How to perform Find with partial data (text)?

K3lso · February 16, 2005

For exemple: I

comment · February 17, 2005

Can you define "55% of similar match"? Or at least give a more detailed description - preferably with an example?

K3lso · February 17, 2005

I want to perform a search that gives a partial match. Exemple: I type in the search field the word "KANGAROO". If it all goes well the search should give these results that are already in my records: "KANGO", "ANGAR", "KAROO" and all words that are similar to "KANGAROO".

I mentioned the percentage match because I have a database in foxpro and when you perform a search, in the search field you can select the % of similarity between the word you type and the words in your record.

I hope this can help you.

BobWeaver · February 17, 2005

You could try something like this to simplify the text in both the trademark field, and the search field:

Substitute(OriginalText;

["E";"A"];["I";"A"];

["O";"A"];["U";"A"];

["B";"V"];["W";"V"];

["D";"T"];["G";"K"];

["Z";"S"];["CH";"J"];

["C";"K"])

Then search the simplified trademark field for the simplified search text.

K3lso · February 17, 2005

Sorry but I don

BobWeaver · February 17, 2005

Assuming that your trademark field is called "Trademark" then:

Make a new calculated field "SimplifiedTrademark" with the formula:

Substitute(Trademark;

["E";"A"];["I";"A"];

["O";"A"];["U";"A"];

["B";"V"];["W";"V"];

["D";"T"];["G";"K"];

["Z";"S"];["CH";"J"];

["C";"K"])

Then make a global field "SearchText" where the user will enter the search text. And then make another calculated field "SimplifiedSearchText" with the formula:

Substitute(SearchText;

["E";"A"];["I";"A"];

["O";"A"];["U";"A"];

["B";"V"];["W";"V"];

["D";"T"];["G";"K"];

["Z";"S"];["CH";"J"];

["C";"K"])

Then you can make a simple find script

Enter Find Mode

Set Field [simplifiedTrademark, SimplifiedSearchText]

Perform Find []

So, the user enters the new proposed trademark into the SearchText field and runs the script. Similar text, if any, will be returned in the found set.
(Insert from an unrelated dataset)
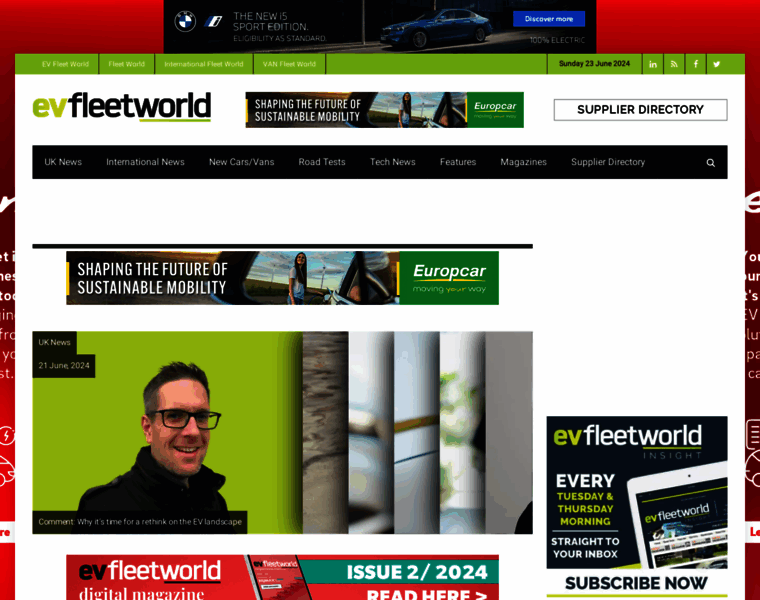 Evfleetworld.co.uk thumbnail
What the formula is doing is replacing all vowels with "A" and reducing the number of different consonants with a smaller set of similar sounding ones. So there is a better chance of matching words that are not exactly the same.

comment · February 17, 2005

The problem is not (yet) how, but what. I still don't know what "similar" means, and certainly not how to measure similarity. IMHO, this is a much more complex subject than what would seem at first glance (do a Google on "partial string matching" to see what I mean).
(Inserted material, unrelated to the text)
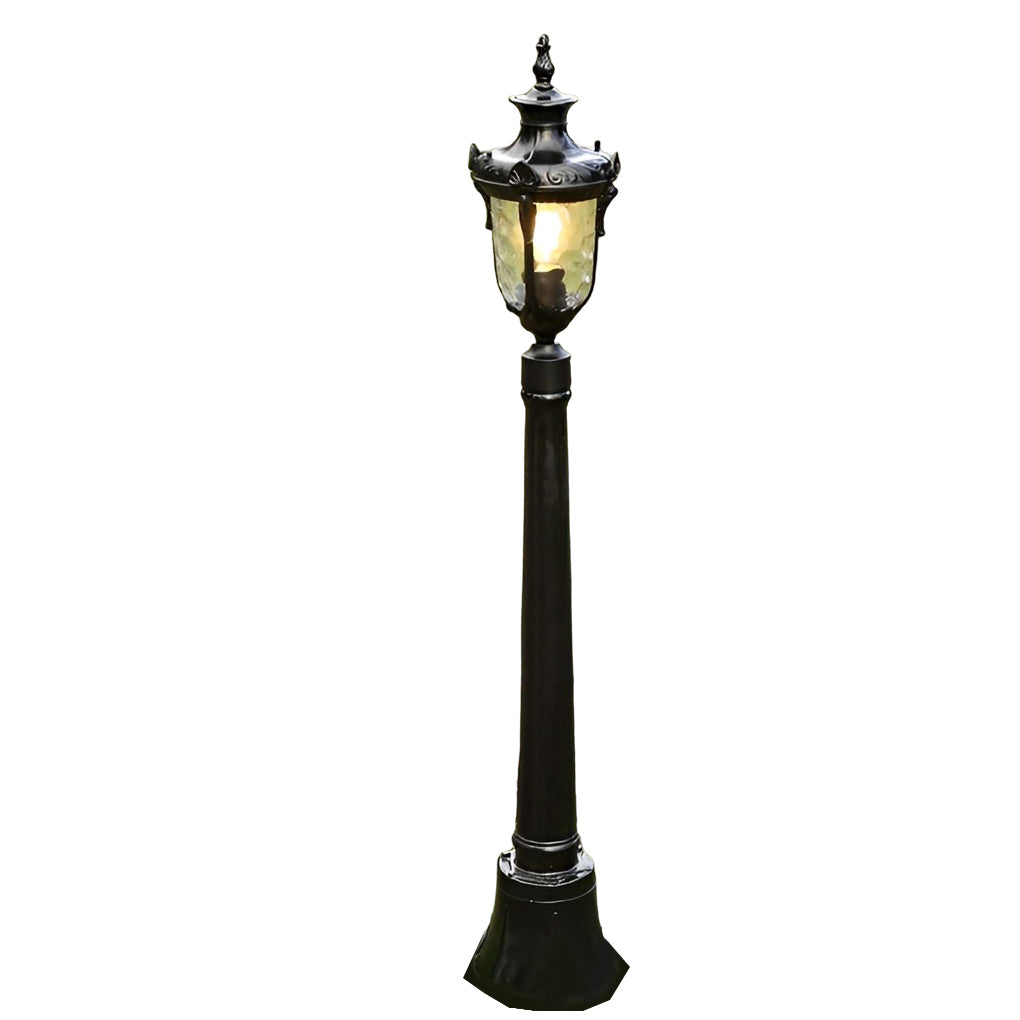 European-Style Waterproof Outdoor Lawn Lamp Elegant Pathway Lighting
If you know the algorithm that your FOXPRO database uses, then perhaps we can help you translate that to Filemakerese. I suspect it will be mighty slow, but who knows.

Bob, I don't think a phonetic match is what is required here. In any case, take a look at Soundex and Metaphone for a bit more sophisticated method.
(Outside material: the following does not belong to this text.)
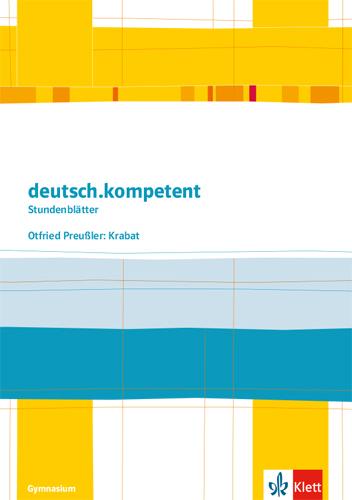 Vorderes Coverbild deutsch.kompetent. Otfried Preußler: Krabat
BobWeaver · February 17, 2005

Coincidentally, while you were posting, I was looking at the Soundex algorithm and I made a Filemaker implementation of it. Here it is:

Left(Left(Upper(TextField);1)&Middle(Substitute ( "." & Upper(TextField);

["E";"A"];["I";"A"];["O";"A"];["U";"A"];["Y";"A"];["H";"A"];["W";"A"];

["F";"B"];["P";"B"];["V";"B"];

["G";"C"];["J";"C"];["K";"C"];["Q";"C"];["S";"C"];["X";"C"];["Z";"C"];

["T";"D"];["N";"M"];

["AAA";"A"];["AA";"A"];["AA";"A"];

["BBB";"B"];["BB";"B"];["BB";"B"];["B";"1"];

["CCC";"C"];["CC";"C"];["CC";"C"];["C";"2"];

["DDD";"D"];["DD";"D"];["DD";"D"];["D";"3"];

["LLL";"L"];["LL";"L"];["LL";"L"];["L";"4"];

["MMM";"M"];["MM";"M"];["MM";"M"];["M";"5"];

["RRR";"R"];["RR";"R"];["RR";"R"];["R";"6"];

[".A";".0"];["A";""];[".";""]

);2;1000)&"000000";4)

This is far more practical than the formula I posted above.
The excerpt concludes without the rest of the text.